Теперь старпом – „Р-я-я-я-йсь… Смир-р-р-ра!“ Только и научился, что „равняйсь“ да „смирно“. Блатной, ой блатной! и что интересно – спихивают с корабля на корабль, и он вроде как растет… Вот, дорос до старпома, а „лодочки“-то командирской нет, не дается „лодочка“. Тут папа – адмирал с мамой-адмиральшей не помогут – черепок должен соображать, не то утопит экипаж, а вместе с ним – и подводную махину с двумя реакторами, стоимостью в миллиарды рублей. Здесь блат бессилен. Надо мне надежного старпома, а этого спихну в академию, пусть учится. Может, поумнеет, и флот не пострадает. А вы говорите: „Ря-я-яйсь…“
Кто еще? Заместитель по политической части, или просто – „зам“. Контролирует меня, представитель партии, как бы я чего лишнего не болтнул не подумавши. Ну, с этим хоть в нарды наиграешься. Правда, гад, выигрывает у самого командира! Академик… Конечно, их там в Москве натренировали за три года у командиров выигрывать. Как он говорил-то: „Спасибо партии родной – за трехгодичный выходной!“ Вот он и выигрывает теперь, гад, у меня, у командира атомохода! В политотдел собрался… Дуля тебе, а не политотдел, до тех пор, пока не научится играть с командиром.
– Т..щ командир! – старпом сделал объявления и сейчас чего-нибудь попросит. – Прошу разрешения распускать строй!
– Они и так у тебя распущенные – дальше некуда. Офицерам и мичманам остаться – остальные на занятия, и без перекуров. Становись буквой „п“ – командир речь будет говорить.
Быстро сомкнули строй, загнули левый и правый фланги. Получилось что-то вроде буквы „п“ – „покой“ по флотской азбучной терминологии. Обычно я начинаю свои речи издалека:
– Товарищи военные, доценты с кандидатами, кончайте ваши опыты… – и далее в том же духе, почти как у Высоцкого в известной песне. – В то время, как Родина ждет героев, нехорошие тетеньки рожают придурков. К примеру, мичман Бусько. В нашем легендарном северном гарнизоне он, вместо того, чтобы скромно постучаться в дверь к командиру и спросить, не угодно ли тому маринованных огурчиков, в пьяном угаре, в ходе очередной семейной ссоры, выбрасывает огурчики в окно, и они на глазах изумленной публики погибают на асфальте. Так, Бусько?
– Было, т…щ командир.
– Вот!

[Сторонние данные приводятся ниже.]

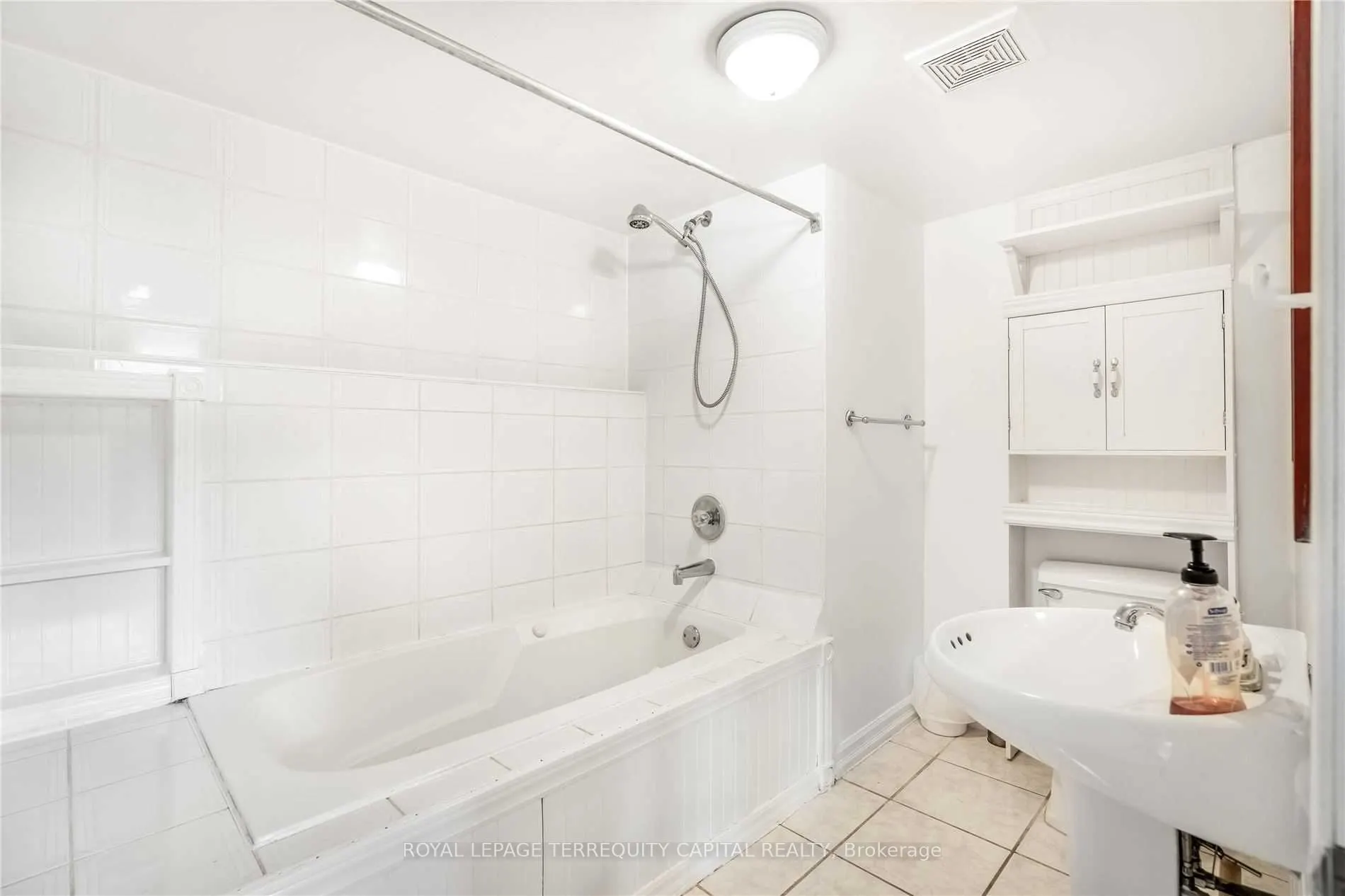 25 Whitehorn Crescent #Lower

А что он учудил вчерась, вы знаете…
Хорошо, что „зам“ вовремя тормознул меня, дернув за рукав кителя, а то бы я ляпнул лишнее, и уже завтра весь поселок подводников загудел бы в обсуждении подробностей „дела Бусько“.
– Да? Да! „Зам“ как всегда, прав, все свободны. Бусько, ко мне!
Я бы мог перевести свою речь на другую личность и поупражняться в словесности, но в учебном центре строго следили за распорядком дня и переписывали всех опоздавших на занятия. Все это и иже с ним всплывало в пятницу на докладе, поэтому без десяти девять я сделал паузу, выделив две минуту на аудиенцию со своим соседом по дому Ваней Бусько. Это был уникальный подчиненный.
5
Капраз, каперанг, кавторанг – сокращенно капитан первого, второго ранга.